*** Opening of EXERCISE INPUTS ***

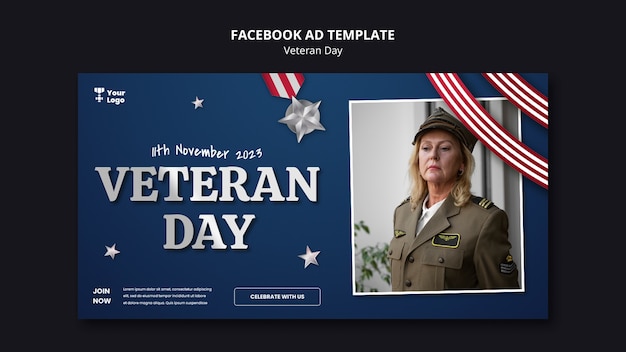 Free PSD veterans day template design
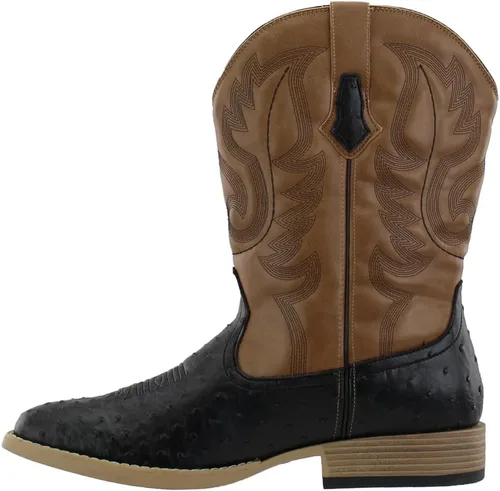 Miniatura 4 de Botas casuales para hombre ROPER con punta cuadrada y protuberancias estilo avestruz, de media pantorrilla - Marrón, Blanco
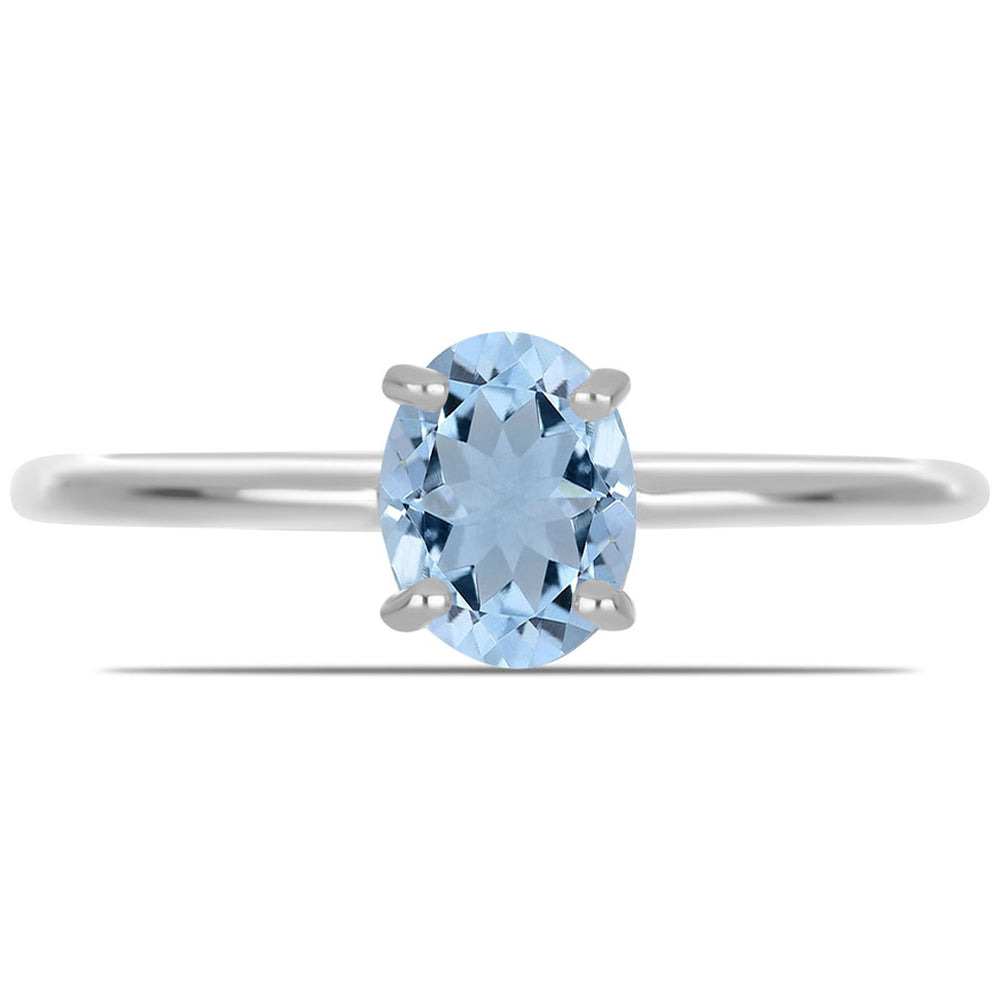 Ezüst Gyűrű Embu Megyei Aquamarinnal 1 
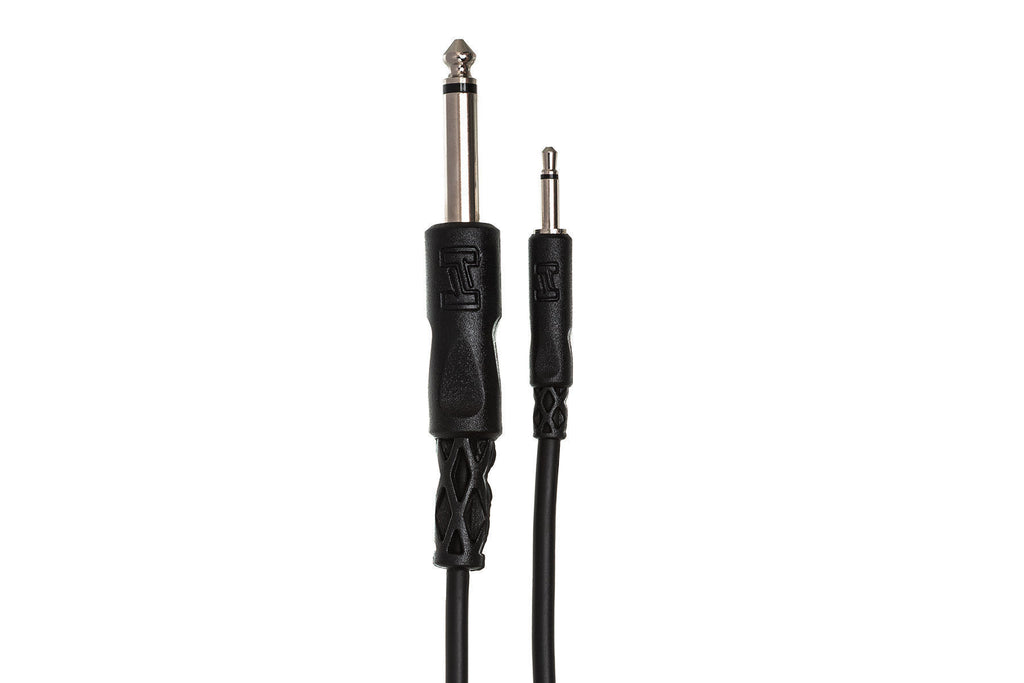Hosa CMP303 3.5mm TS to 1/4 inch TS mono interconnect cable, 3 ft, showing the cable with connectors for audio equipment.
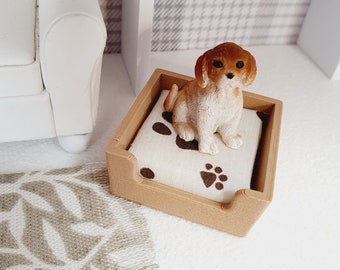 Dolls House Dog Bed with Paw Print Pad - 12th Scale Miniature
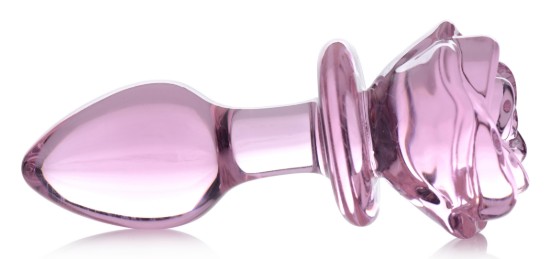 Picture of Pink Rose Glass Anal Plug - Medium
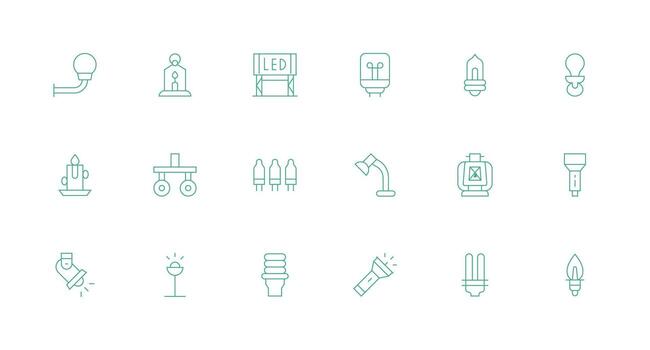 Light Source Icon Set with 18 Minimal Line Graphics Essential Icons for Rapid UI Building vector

*** Close of EXERCISE INPUTS ***
*** Opening of EXERCISE INPUTS ***

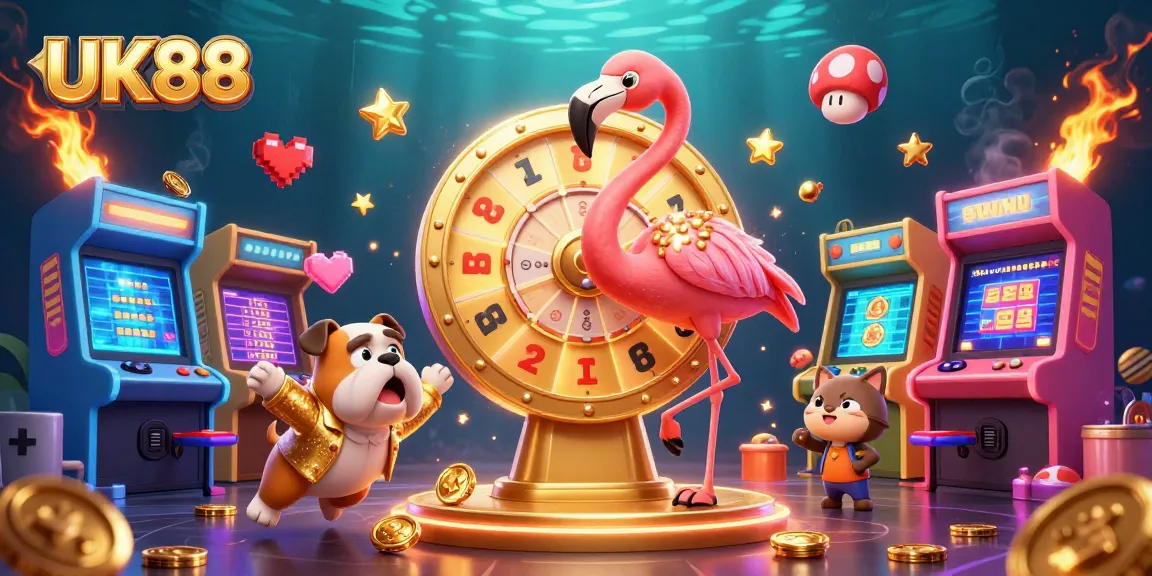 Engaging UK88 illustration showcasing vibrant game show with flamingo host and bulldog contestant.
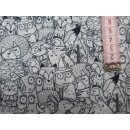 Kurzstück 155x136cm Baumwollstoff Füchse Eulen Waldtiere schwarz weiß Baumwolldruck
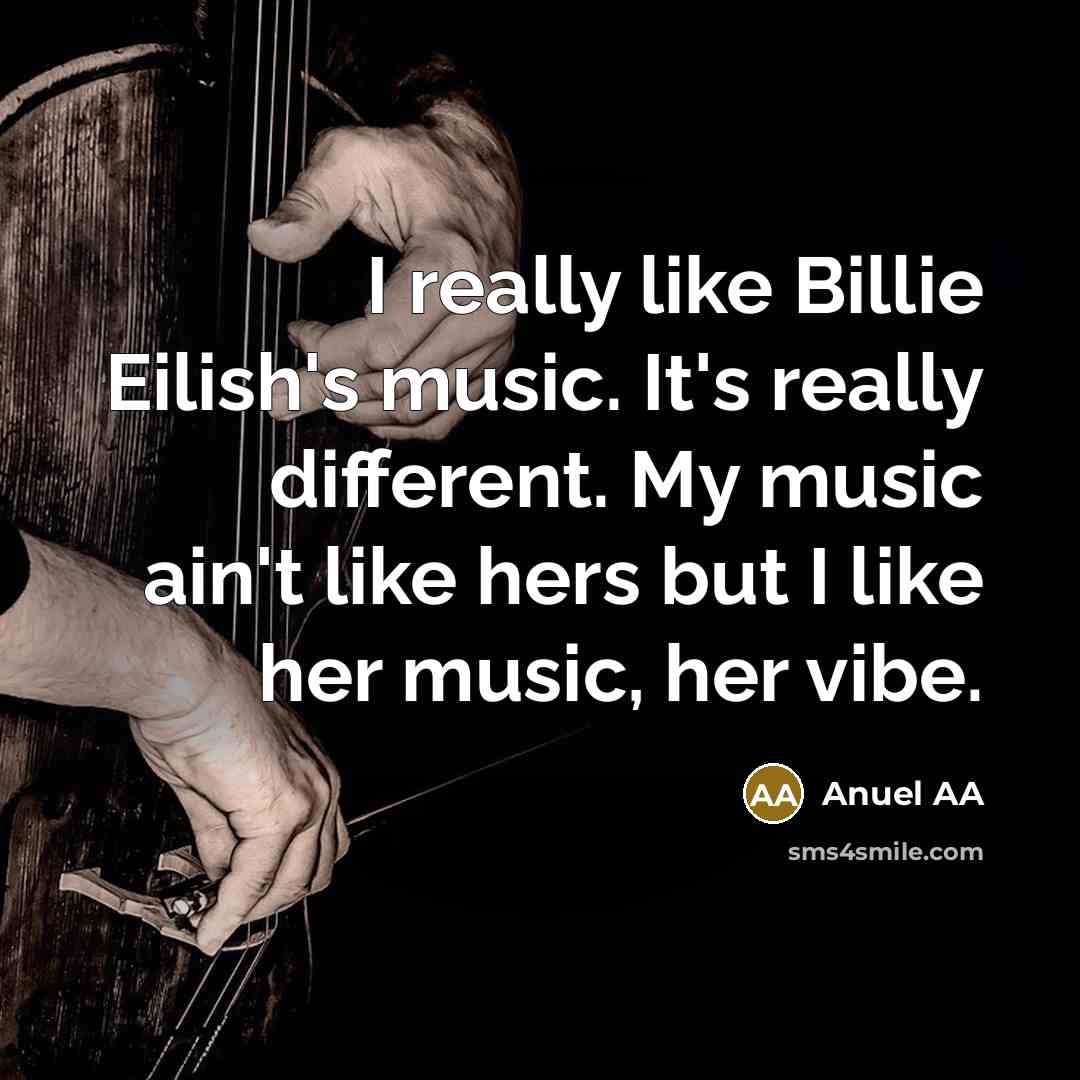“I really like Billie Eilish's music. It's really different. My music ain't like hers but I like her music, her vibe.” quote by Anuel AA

*** Close of EXERCISE INPUTS ***

## WHAT YOU HAVE TO DO
Return exactly the stretch above whose first line contains "Engaging UK88 illustration" and whose last line contains "Kurzstück 155x136cm Baumwollstoff", and nothing outside it. The pictures should not appear.

## RESPONSE BELOW
 Engaging UK88 illustration showcasing vibrant game show with flamingo host and bulldog contestant.
 Kurzstück 155x136cm Baumwollstoff Füchse Eulen Waldtiere schwarz weiß Baumwolldruck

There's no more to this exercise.